Aprilsettings Tag 3: Spielt der Schauplatz eine entscheidende Rolle für deine Geschichte? Wenn ja, welche?

Ich stehe auf unserem Wochenmarkt auf dem Marktplatz, umringt von schmucken Fachwerkhäuschen. Es ist eine skurrile Schlange, in der ich stehe, alle Personen einzeln, alle im Abstand von zwei Metern. Die Schlange geht vom kleinen Markt bis weit die nächste Straße hoch. Die Frau vor mir trägt Mundschutz, hustet. Die Verkäufer des Gemüsestandes wirken freundlich bemüht und angespannt. Ich wünsche mich fort von diesem potentiellen Ansteckungsort, fort in die Einsamkeit der Natur. Da sehe ich Alkatar die Straße überqueren und er winkt mir zu. Ich verlasse den Markt, einerseits froh darüber, dieses seltsame Szenario verlassen zu können, andererseits mit Bedauern, weil ich vergeblich gewartet habe.
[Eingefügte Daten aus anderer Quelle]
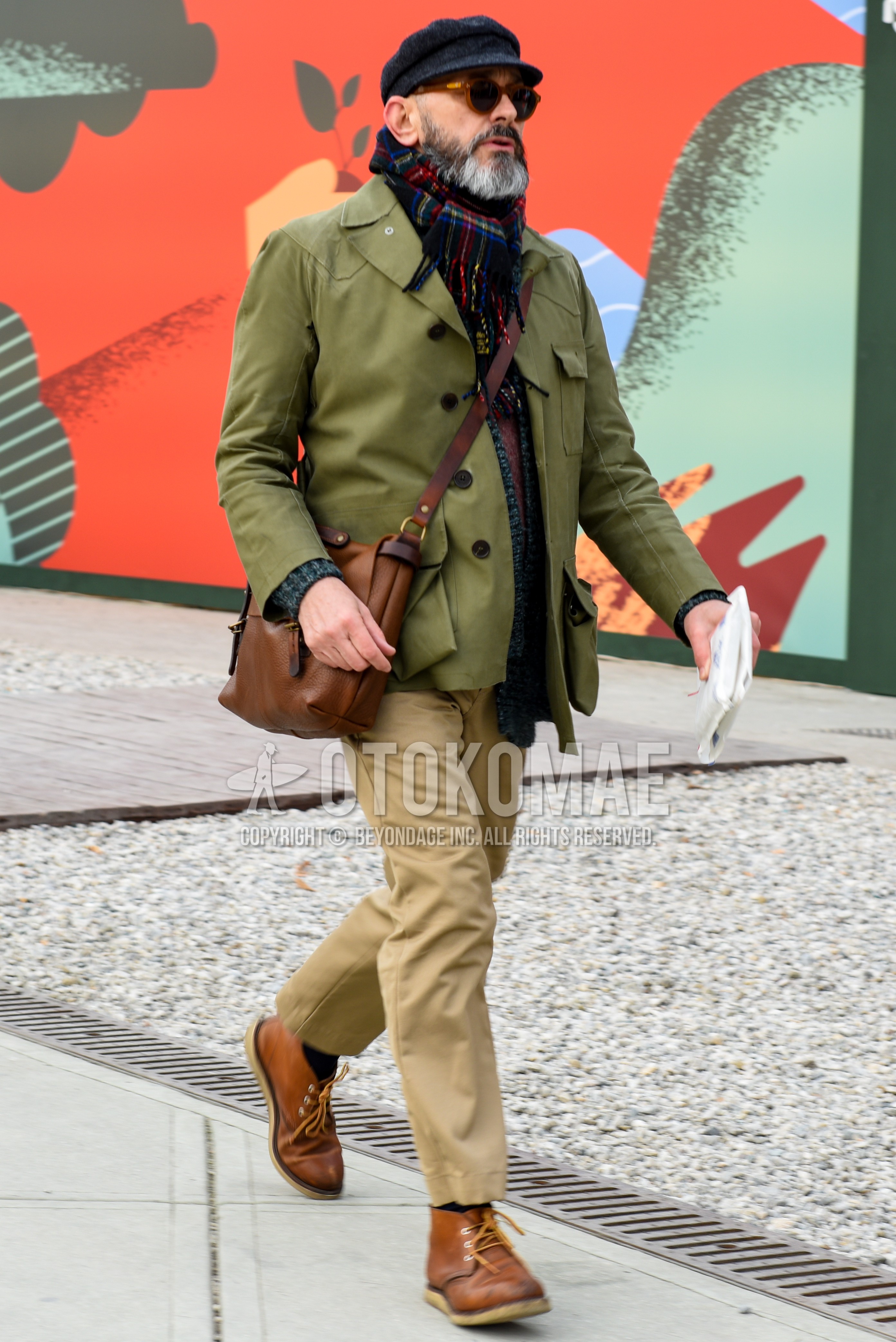Men's autumn winter outfit with silver plain cap, multi-color check scarf, olive green plain outerwear, beige plain chinos, beige plain cropped pants, navy plain socks, brown chukka boots, brown plain shoulder bag.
Doch ich wollte doch die Challenge weitermachen und bin froh, dass Alkatar nun endlich da ist. Ich beeile mich, damit er nicht soviel Aufmerksamkeit erregt, denn er ist jemand, der Blicke auf sich zieht, ein Hüne mit natürlicher Dominanz. Zudem passt seine schwarze Lederkleidung nicht ganz hierher und ich muss zwanghaft an einen Silberrücken bei den Berggorillas denken.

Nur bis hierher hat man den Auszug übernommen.